EXERCISE INSTRUCTIONS — The line with "Kalendarz 2026 A4 tygodniowy Drzewo Beż - 1", the line with "Men Regular Fit", and all lines between them in the material below: return these exactly, and no others.

━━━━━ PROVIDED INFORMATION

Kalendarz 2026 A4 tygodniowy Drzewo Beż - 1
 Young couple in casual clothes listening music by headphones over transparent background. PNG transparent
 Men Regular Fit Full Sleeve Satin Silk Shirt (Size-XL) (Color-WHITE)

━━━━━━━━━━
━━━━━ PROVIDED INFORMATION

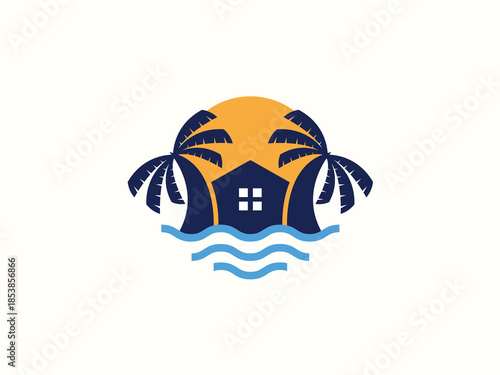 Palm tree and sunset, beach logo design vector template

━━━━━━━━━━

ANSWER SECTION —
Kalendarz 2026 A4 tygodniowy Drzewo Beż - 1
 Young couple in casual clothes listening music by headphones over transparent background. PNG transparent
 Men Regular Fit Full Sleeve Satin Silk Shirt (Size-XL) (Color-WHITE)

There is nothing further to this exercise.